**INFORMATION SUPPLIED**.
━━━
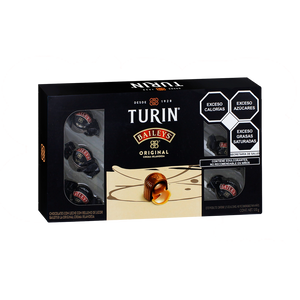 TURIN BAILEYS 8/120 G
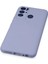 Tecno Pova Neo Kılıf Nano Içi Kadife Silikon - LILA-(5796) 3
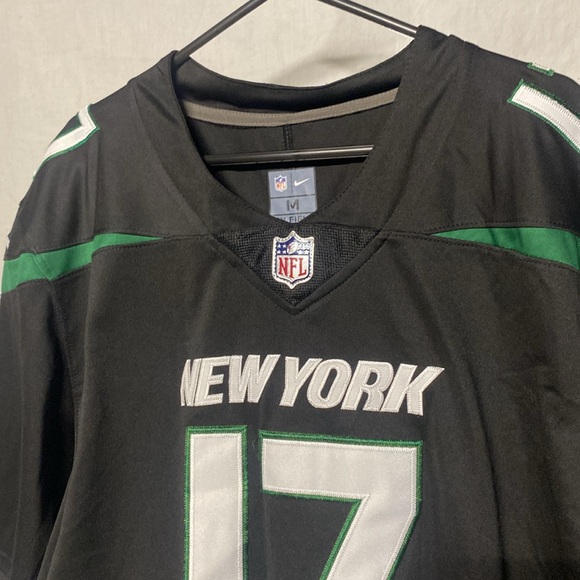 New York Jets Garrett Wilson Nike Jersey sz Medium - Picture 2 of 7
━━━
**TASK OBJECTIVE**.
Write out the data above precisely. Pictures stay out.

**EXERCISE RESULT**.
 TURIN BAILEYS 8/120 G
 Tecno Pova Neo Kılıf Nano Içi Kadife Silikon - LILA-(5796) 3
 New York Jets Garrett Wilson Nike Jersey sz Medium - Picture 2 of 7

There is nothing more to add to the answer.